山本俊則さんの美術展時評『N0.011 すべての僕が沸騰する 村山知義の宇宙』をアップしましたぁ。村山知義(ともよし)さん、なんか見たことあるお名前だなぁと思って調べたら、岩波文庫から『忍びの者』という長篇忍者小説が出ている方なんですね。時代小説、けっこう好きなので、だいぶ前に本屋で立ち読みした記憶があります。よくあるパターンの大衆小説だったので買いませんでしたが、なんでラインナップに入るのにすら敷居が高いと言われている岩波がこういう作品を文庫に入れたのか、ちょっと不思議に思ったので記憶の片隅に残っていました。

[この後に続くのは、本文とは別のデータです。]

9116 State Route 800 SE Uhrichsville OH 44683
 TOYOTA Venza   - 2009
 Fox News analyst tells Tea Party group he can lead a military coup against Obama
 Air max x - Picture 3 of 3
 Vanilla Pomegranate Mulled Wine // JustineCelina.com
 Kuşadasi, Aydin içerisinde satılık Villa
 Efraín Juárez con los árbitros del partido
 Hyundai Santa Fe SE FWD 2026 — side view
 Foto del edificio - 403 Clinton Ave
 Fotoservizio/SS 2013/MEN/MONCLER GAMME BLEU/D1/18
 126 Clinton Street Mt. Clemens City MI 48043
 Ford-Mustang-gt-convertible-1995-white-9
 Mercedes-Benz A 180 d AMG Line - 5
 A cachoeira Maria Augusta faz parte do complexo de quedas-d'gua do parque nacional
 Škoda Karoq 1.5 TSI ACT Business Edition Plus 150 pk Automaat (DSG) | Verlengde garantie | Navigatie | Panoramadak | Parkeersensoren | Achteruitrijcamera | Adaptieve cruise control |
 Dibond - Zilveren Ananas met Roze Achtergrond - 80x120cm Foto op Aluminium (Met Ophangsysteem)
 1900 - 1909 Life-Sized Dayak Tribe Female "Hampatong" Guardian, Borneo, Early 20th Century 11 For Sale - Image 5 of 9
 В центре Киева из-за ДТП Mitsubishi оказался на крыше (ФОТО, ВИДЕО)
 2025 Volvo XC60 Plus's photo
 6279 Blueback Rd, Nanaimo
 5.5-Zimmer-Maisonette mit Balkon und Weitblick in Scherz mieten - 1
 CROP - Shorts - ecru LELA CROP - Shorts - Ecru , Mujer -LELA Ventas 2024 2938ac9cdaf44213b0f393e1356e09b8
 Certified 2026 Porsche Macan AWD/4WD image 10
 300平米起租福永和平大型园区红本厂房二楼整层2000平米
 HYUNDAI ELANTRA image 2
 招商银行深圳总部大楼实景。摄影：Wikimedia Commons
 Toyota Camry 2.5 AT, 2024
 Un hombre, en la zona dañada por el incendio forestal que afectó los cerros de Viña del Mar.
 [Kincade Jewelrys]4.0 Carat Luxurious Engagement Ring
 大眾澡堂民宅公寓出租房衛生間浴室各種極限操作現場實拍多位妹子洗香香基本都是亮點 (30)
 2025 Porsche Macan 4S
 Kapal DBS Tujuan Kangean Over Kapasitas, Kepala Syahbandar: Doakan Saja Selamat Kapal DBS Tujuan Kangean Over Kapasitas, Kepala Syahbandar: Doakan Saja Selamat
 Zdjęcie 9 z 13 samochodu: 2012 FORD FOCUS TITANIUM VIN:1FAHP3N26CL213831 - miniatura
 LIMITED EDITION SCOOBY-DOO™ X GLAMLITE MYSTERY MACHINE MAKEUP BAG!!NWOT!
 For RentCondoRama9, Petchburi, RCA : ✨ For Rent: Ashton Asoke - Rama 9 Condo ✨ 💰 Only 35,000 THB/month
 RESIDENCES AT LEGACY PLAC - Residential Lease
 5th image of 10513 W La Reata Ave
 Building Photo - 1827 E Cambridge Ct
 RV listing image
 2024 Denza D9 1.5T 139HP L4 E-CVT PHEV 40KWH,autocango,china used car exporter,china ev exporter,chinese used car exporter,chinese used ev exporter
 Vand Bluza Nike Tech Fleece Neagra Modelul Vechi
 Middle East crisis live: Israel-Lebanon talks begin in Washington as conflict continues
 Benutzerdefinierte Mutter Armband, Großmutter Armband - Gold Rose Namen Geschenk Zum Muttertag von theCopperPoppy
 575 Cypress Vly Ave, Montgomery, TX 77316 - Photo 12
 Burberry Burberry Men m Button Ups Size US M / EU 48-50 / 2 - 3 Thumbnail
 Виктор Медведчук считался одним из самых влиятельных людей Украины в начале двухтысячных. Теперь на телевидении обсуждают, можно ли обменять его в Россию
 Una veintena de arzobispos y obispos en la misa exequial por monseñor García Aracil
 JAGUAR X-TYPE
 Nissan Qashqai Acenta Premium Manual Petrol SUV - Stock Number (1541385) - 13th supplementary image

いろんな意味で有名な方だったんですね。
そんでWikiでも調べてみたんですが、う~ん、正直とりとめのない経歴だなぁ(笑)。内村鑑三に師事してキリスト教者になるも棄教、その理由は村山さんがお書きになった『演劇的自叙伝』によると、昭和8年のプロレタリア運動からの転向体験と類似したものとして回想されているそうです。んんっ、こんだけじゃわからん。昭和8年、小林多喜二虐殺の年であります。そんで前衛画家・彫刻家、童話作家、挿絵作家、詩人、小説家、建築家、デザイナー、ダンサー、映画監督、劇作家、舞台装置家、演出家として活躍なさったとか。知る人ぞ知るマルチタレント作家なんでしょうが、どうも焦点を結ばない。自他共に認めるような代表作がない作家だからかもしれません。
いえね、別にマルチタレントを否定してるわけぢゃないんですよ。金魚屋は総合文学主義を基本理念に掲げていますから、ジャンル横断的な批評や創作活動をむしろ応援しています。でも一方で、それぞれのジャンルには原理があると考えます。それをふまえないとジャンル横断は上っ面をなでるだけで終わってしまう。優れた作家は自分の資質に合ったジャンルを的確に選択しているものです。あるジャンルの原理をおさえれば、それは別のジャンルにも応用が利くということではないでしょうか。もちろん人間存在は有限で時間的制約がありますから、全ジャンルを網羅することは物理的に不可能だとは思いますが。
山本さんは美術展をかなり手厳しく批判しておられるのでそのへんの理由をお聞きしたところ、「美術展には村山知義の芸術家としての定義が欠けています。最初にそれをやるべきなのです。大規模回顧展なのに、どういう仕事によってどんな影響を与えたのか、十分な検証と批判がなされていません。ただ彼が残した作品を並べただけに見えたので強い不満を覚えました。なんとなく何かありそうな作家だから取り上げた、よくわからないからとりあえず誉めておこうといった雰囲気がありました。そういういい加減な姿勢が美術館の信用を一番傷つけるのです」というお答えが戻ってきました。どうも僕が感じた、「村山さんって、結局のところ、どういう作家なの?」といふ素朴な疑問に、モノからその作家の本質に迫っていくはずの美術展も答えられていないところに、山本さんの怒りは向けられているようです。
山本さんは『生誕100年 藤牧義夫』展の直後に村山展をご覧になったので、よけい落胆されたといふか、ふつふつと怒りがこみ上げてきたようです。「村山評価は、現世を歌って踊って楽しく暮らしたい芸術家の卵さんたちにお任せする」という一文は厳しいですね。確かにイマドキの芸術家の卵さんたちの関心は、なにをするのか、すべきなのかではなく、どうやって手っ取り早くデビューするか、どこに作品を発表するかのといった点に集中しているように感じます。山本さんはそのような風潮の中で村山さんの仕事が安易に持ち上げられることに、強い怒りと危機感を抱かれたのかもしれません。